Silvana Marconi “SOPRAVVISSUTA” EDIZIONI IL FOGLIO LETTERARIO

Traduzione dallo spagnolo di Frank Iodice, con nota critica si Marta Occhipinti Giornalista de La Repubblica

Sopravvissuta, di Silvana Marconi, Edizioni Il Foglio 2022, con un’introduzione di Marta Occhipinti, giornalista de La Repubblica. Un testo di un grande impatto emotivo. Incontriamo l’autrice in diretta Facebook, insieme all’editore e al traduttore. Sarà fornita una traduzione simultanea dallo spagnolo.

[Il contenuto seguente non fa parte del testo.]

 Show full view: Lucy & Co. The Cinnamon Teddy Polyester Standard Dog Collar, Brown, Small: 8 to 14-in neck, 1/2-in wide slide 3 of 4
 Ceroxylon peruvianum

Silvana Marconi è nata a Montevideo, l’otto dicembre del 1977. Insegna inglese, è sposata, e ha due figli adolescenti. Collabora con Pra Publishing, casa editrice statunitense, e altre realtà editoriali. Per oltre un anno è stata vittima di violenza domestica, fino al giorno in cui ha deciso di denunciare il suo aggressore e di scrivere questo toccante resoconto. Seguendo il suo esempio, tante donne uruguaiane hanno fatto questa scelta coraggiosa e oggi la considerano un punto di riferimento. Seguitissima sui social network, è ospite fissa in vari programmi televisivi e radiofonici. Un documentario sulla violenza di genere, da lei co-diretto, con testimonianze reali, è in corso di registrazione e sarà prodotto col patrocinio dell’Istituto Italiano di Cultura di Montevideo.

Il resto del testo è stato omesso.